#### EXERCISE OBJECTIVE
Nothing but the lines from the one containing "Ancrage de poteau" through the last line of the records belongs in the answer, copied exactly and with the pictures left out.

#### RECORDS SHOWN
-=-=-

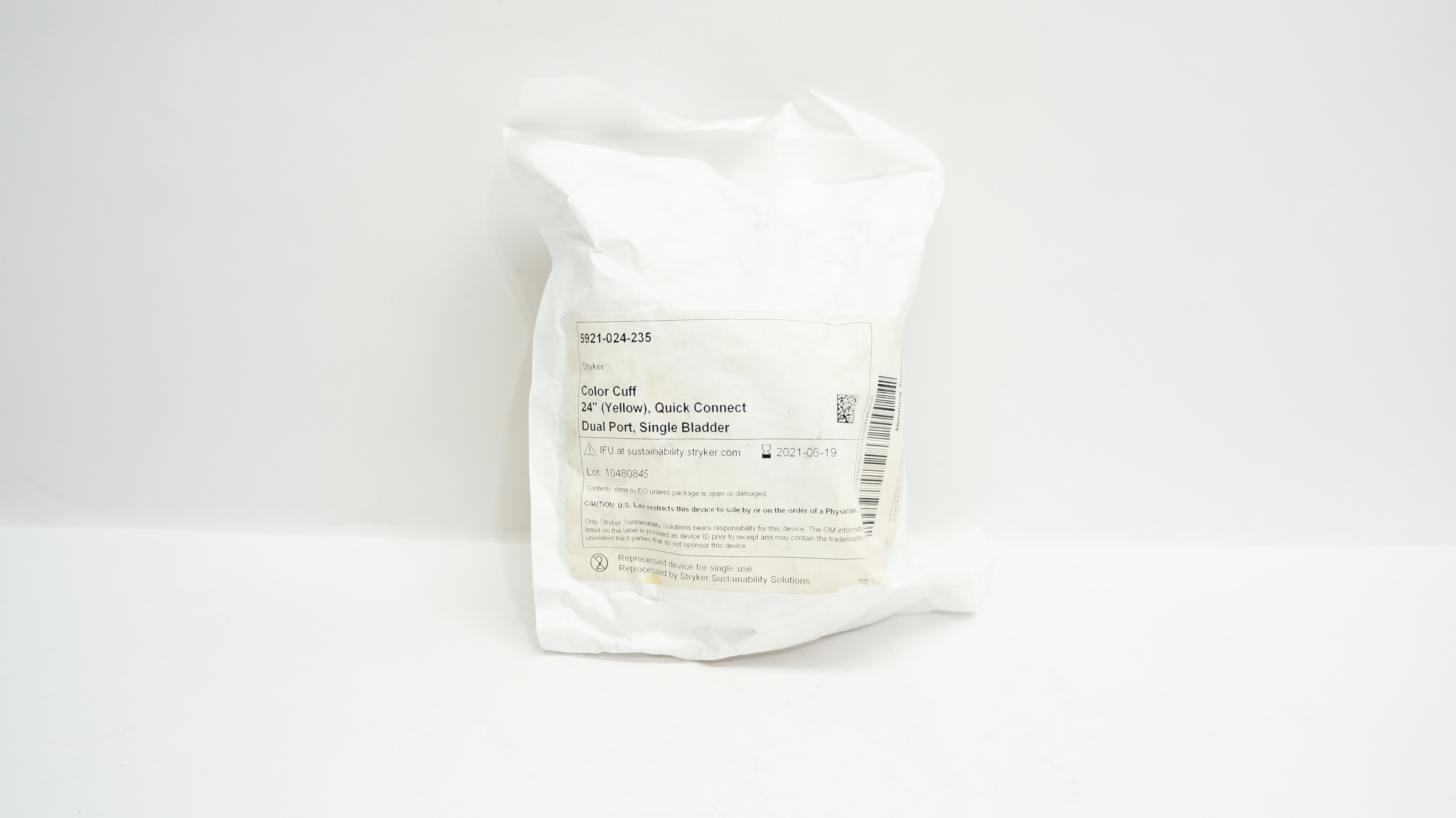 Stryker 5921-024-235 Color Cuff Quick Connect Dual Port Single Bladder 24inch(x)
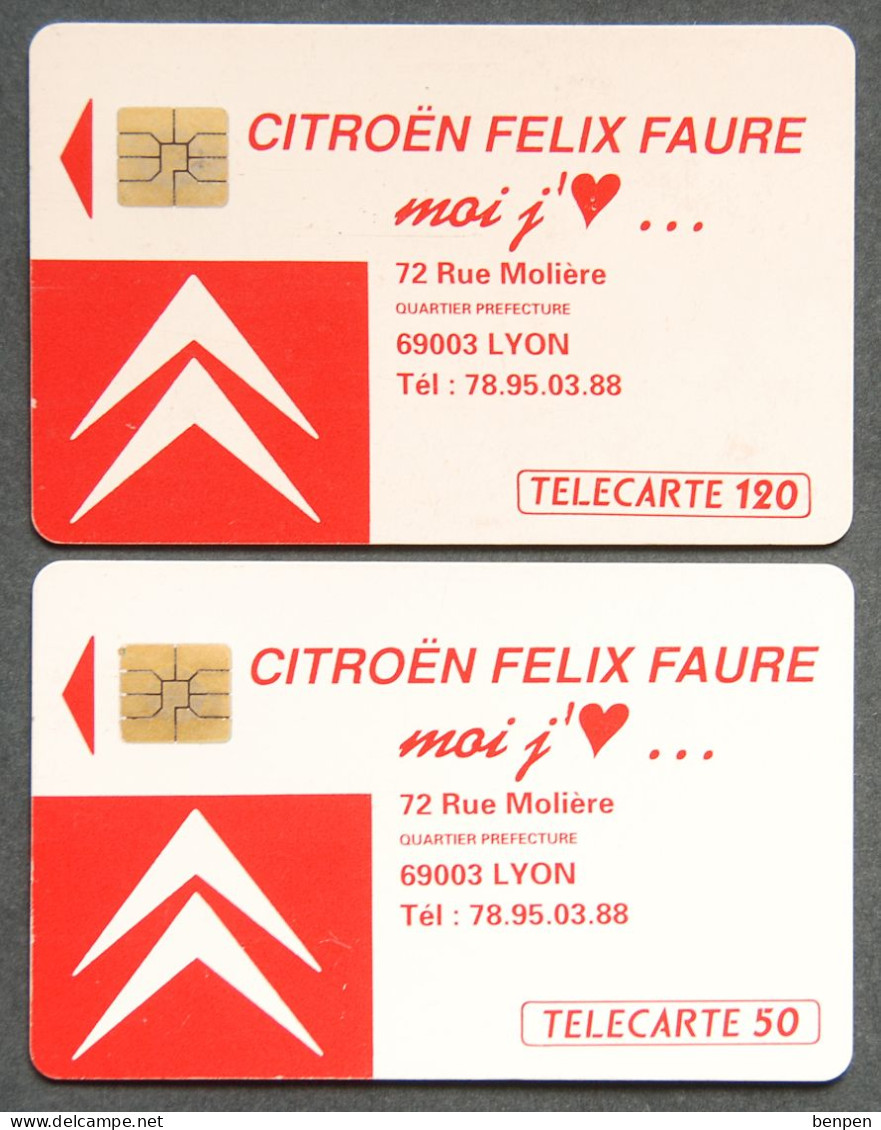 Télécartes CITROEN Felix Faure Rue Molière Préfecture Lyon 1991 Remise 7000F Achat 120U 50U Régie France Télécom - Unclassified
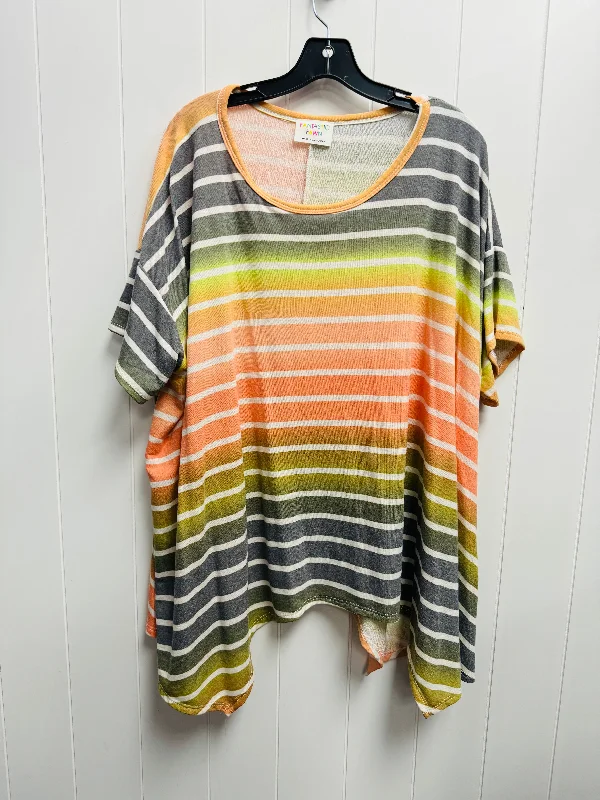 Top Short Sleeve By Fantastic Fawn In Grey & Orange, Size: 2x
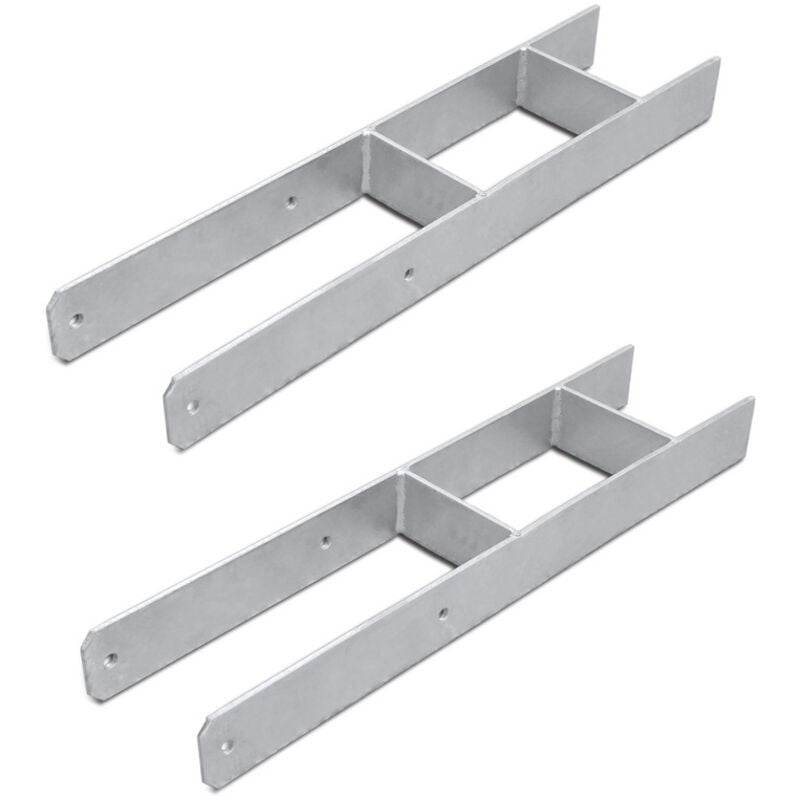 Ancrage de poteau Support de poteau Ancrage h argenté Carport 600mm Pied de poteau Support 121mm 2 pièces - Swanew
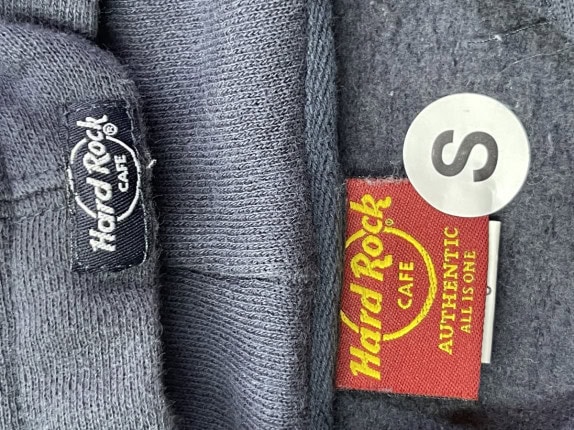 HARD ROCK CAFE HOODIE GRAPHIC NAVY UNISEX PRE OWNED S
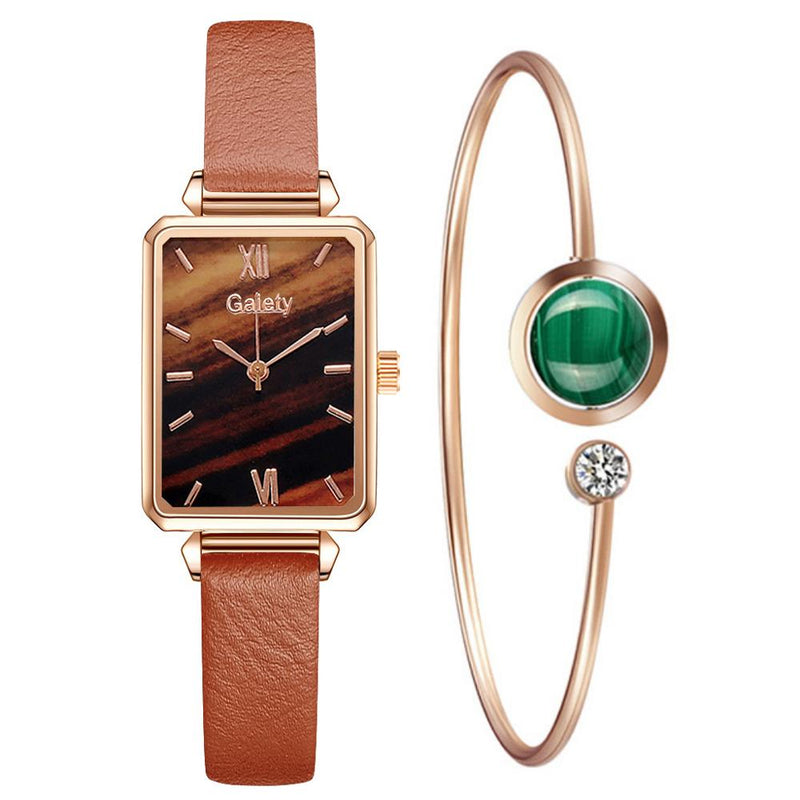 Gaiety Brand Women Watches Fashion Square Ladies Quartz Watch Bracelet Set Green Dial Simple Rose Gold Mesh Luxury Women Watches serve a voce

-=-=-

#### EXERCISE OUTPUT
 Ancrage de poteau Support de poteau Ancrage h argenté Carport 600mm Pied de poteau Support 121mm 2 pièces - Swanew
 HARD ROCK CAFE HOODIE GRAPHIC NAVY UNISEX PRE OWNED S
 Gaiety Brand Women Watches Fashion Square Ladies Quartz Watch Bracelet Set Green Dial Simple Rose Gold Mesh Luxury Women Watches serve a voce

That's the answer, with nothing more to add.